Talvez seja apenas coincidência que, já condenados, Jair Bolsonaro e Augusto Heleno tenham alegado um a paranoia e o outro o Alzheimer em autodefesa, como se pudessem agora olhar para os anos de 2019 a 2022 como um grande delírio, um engano ou um mal-entendido.
É mais provável, no entanto, que se trate de uma estratégia, claramente desesperada, para assegurar sobrevida no xadrez. Ao apelarem a um surto ou a um lapso involuntário das lembranças, ambos tentam se livrar do peso dos atos pelos quais foram responsabilizados criminalmente.
Afinal, é difícil supor que o ex-chefe do Planalto e o ex-ministro do GSI não estivessem de posse de suas faculdades mentais quando se debruçaram sobre as versões de uma minuta cuja intenção era impedir a posse do mandatário eleito.
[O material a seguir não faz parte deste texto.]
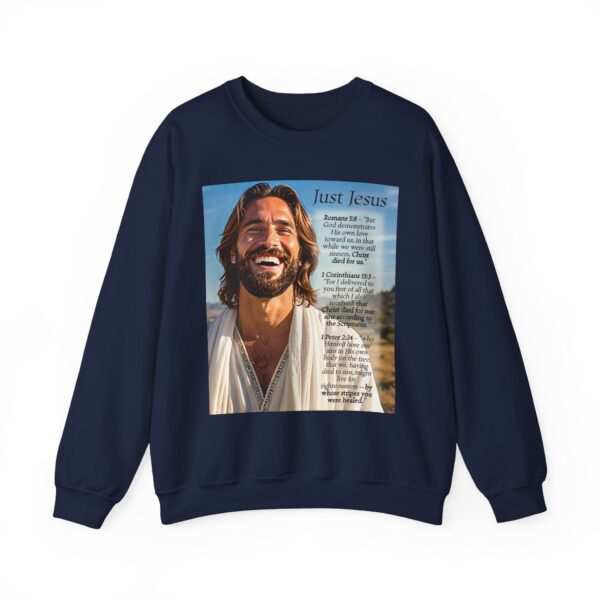 Crewneck Sweatshirt with our inspirational "Just Jesus" and Verses on Salvation Design! Vintage Inspired Faith Apparel, Gospel Fashion Unisex Heavy - Image 17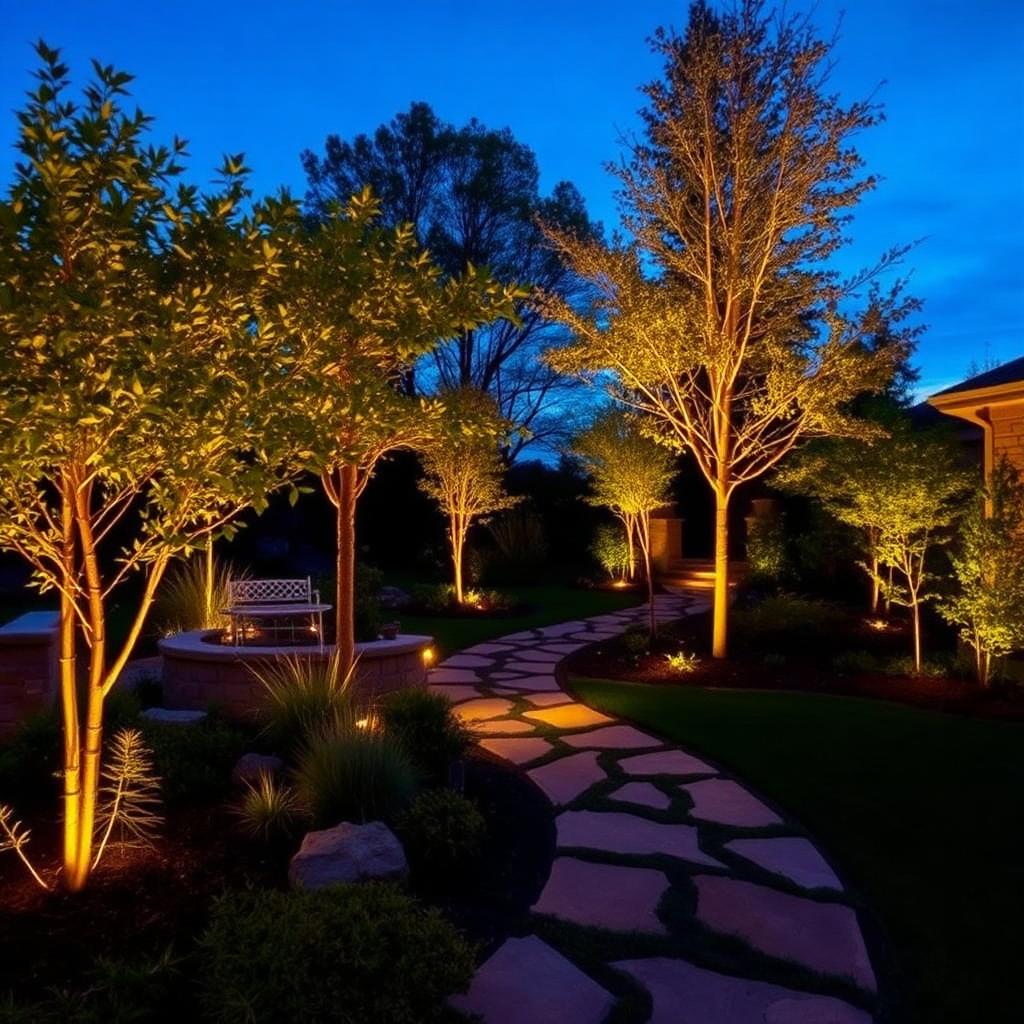 Jardín con iluminación exterior nocturna
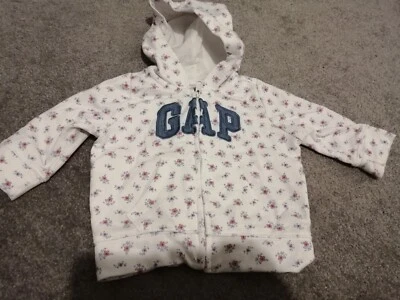Baby Gap Floral Hoodie Jumper Flowers Girl Size 3-6 Months • £5.50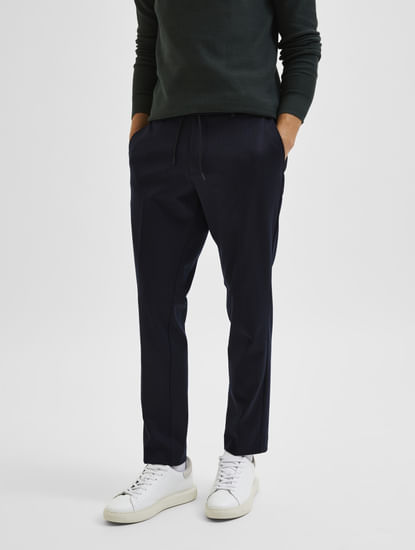 Navy Blue Mid Rise Striped Trousers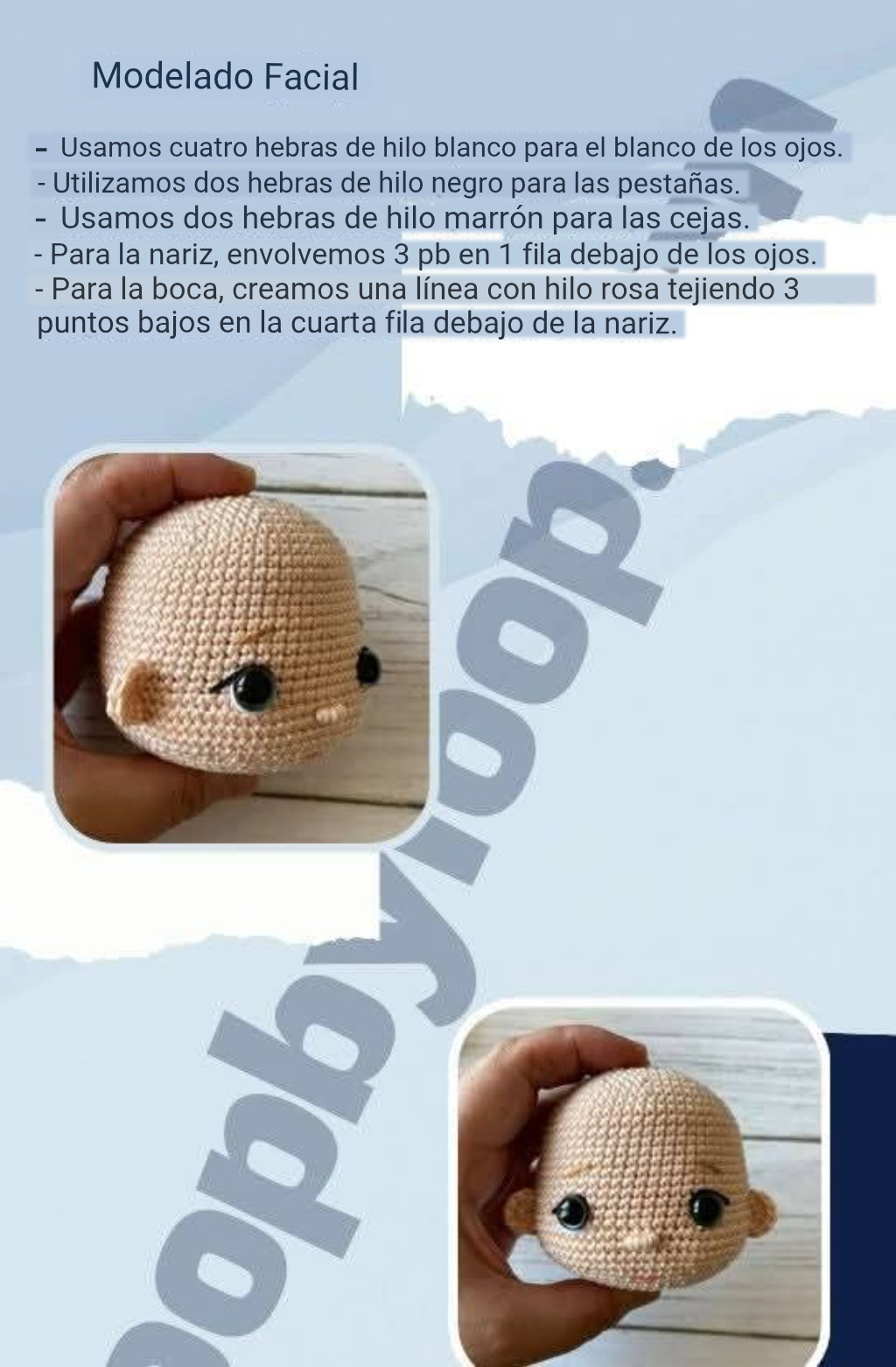 Muñeco de ganchillo con gorro azul y bolso con perrito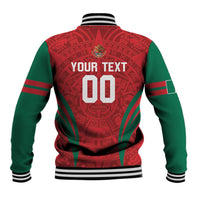 Baseball varsity jacket back view with red Aztec pattern, green sleeves, 'YOUR TEXT' print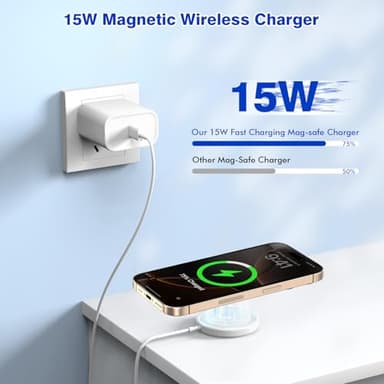 [Apple MFi Certified]Magnetic Wireless Charger Apple Mag Safe Charger,15W 6FT Fast Wireless Charging Pad for Apple iPhone 16 Pro Max/16 Pro/16 Plus/15 Pro Max/14/13/12/AirPods3/2/Pro/Pro2,Charging Pad - Image 2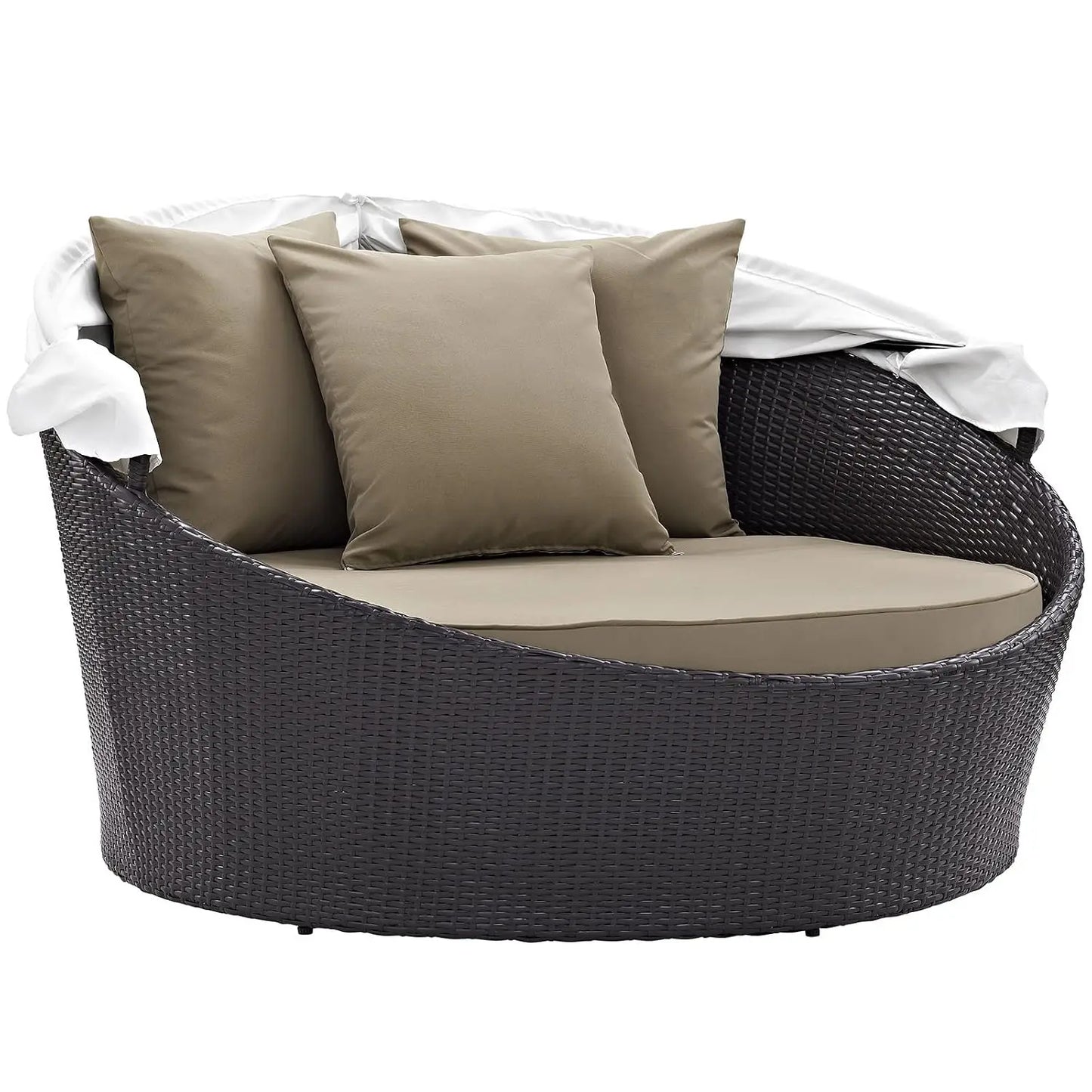 Convene Wicker Rattan Outdoor Patio Retractable Canopy Round Poolside Sofa Daybed in Espresso Mocha, Custom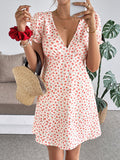 Women's Bubble Sleeve Short Sleeve Deep V-Neck Floral Dress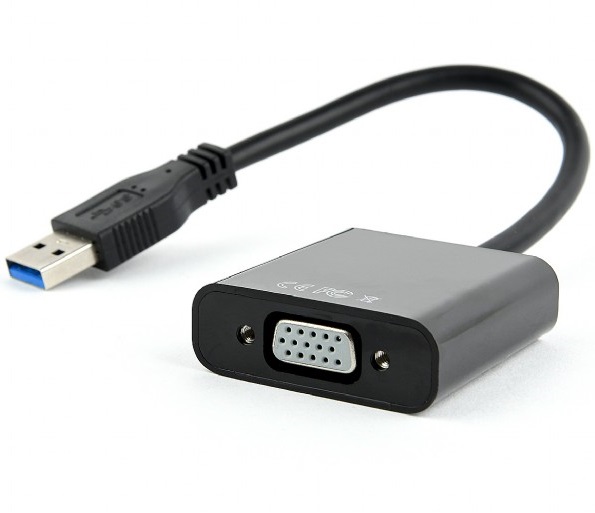 Кабель-переходник USB3.0-A (m) < - > VGA, Cablexpert AB-U3M-VGAF-01 (для подключения монитора через USB) black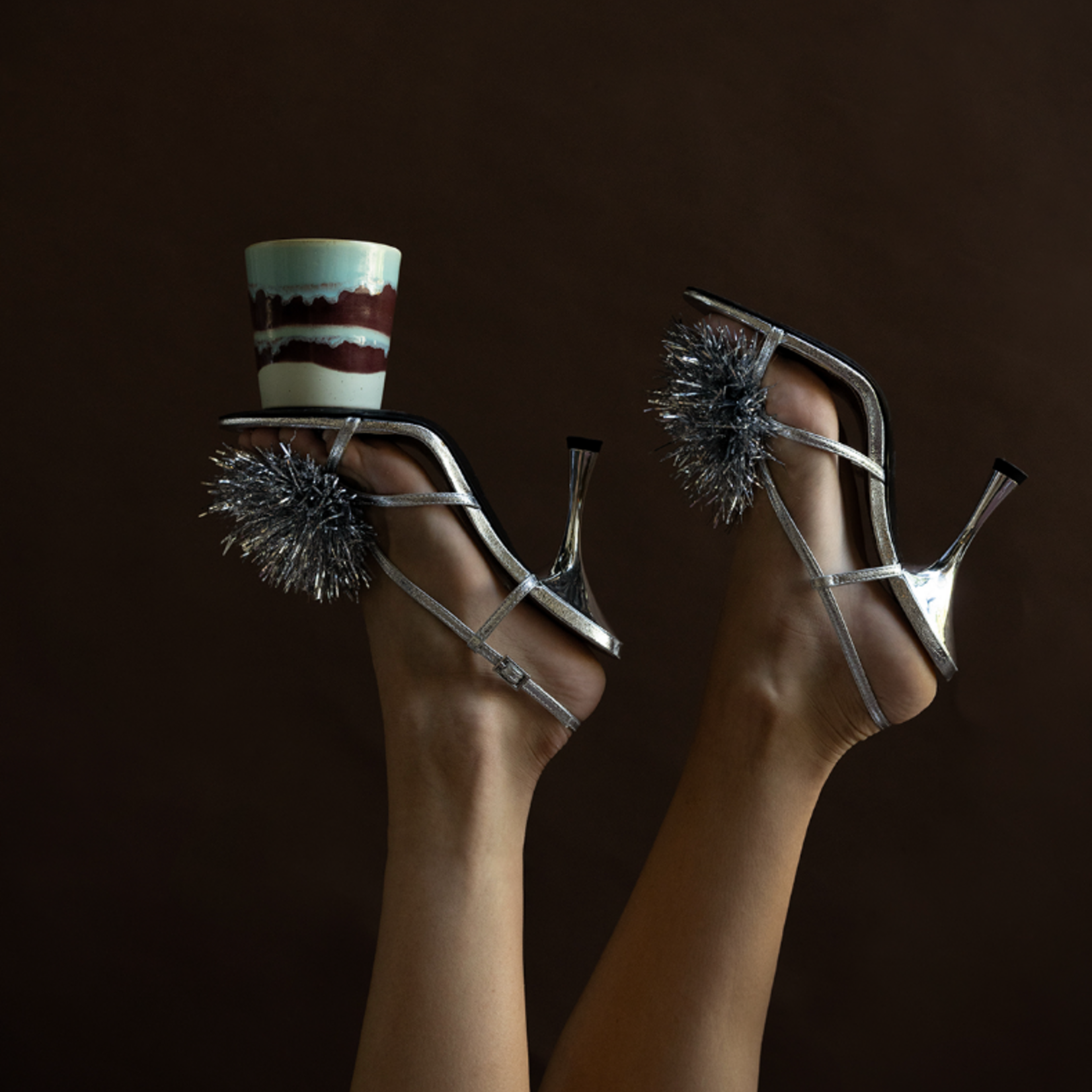 HKLIVING HKLIVING - Keramiek uit de jaren 70: kerstspecial frosted leaves ACS0015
Nada na conduta de Heleno e Bolsonaro naqueles meses que se seguiram às eleições sugere que tivessem sido acometidos de alucinação, entregues a algum torpor que os havia levado a fazer o que fizeram contra a sua vontade, ou seja, a atentar contra a democracia.
É o que vêm tentando fazer crer, porém, a despeito do resultado no STF. A tese da debilidade física (os filhos de Bolsonaro passaram a chamá-lo frequentemente de idoso desde que ele foi sentenciado a 27 anos de prisão) contradiz aquela do "imbrochável", para quem a filha tinha sido uma "fraquejada".
Tampouco cai bem na boca do personagem que fez chacota com a falta de ar das vítimas de Covid e exortou o país, que lamentava seus mortos, a "deixar de mimimi" e seguir com a vida.
Mas eis que, com o processo transitado em julgado, Bolsonaro, que se ufanava de uma virilidade mais performática que verdadeira, agora se apresenta como esse homem fragilizado que, num episódio de surto, meteu "ferro quente" na tornozeleira eletrônica apenas por "curiosidade", como ele mesmo candidamente admitiu.
Enquanto isso, Heleno, que era visto vociferando e imprecando contra os inimigos da nação nas reuniões ministeriais, rápida e convenientemente se converteu num desmemoriado.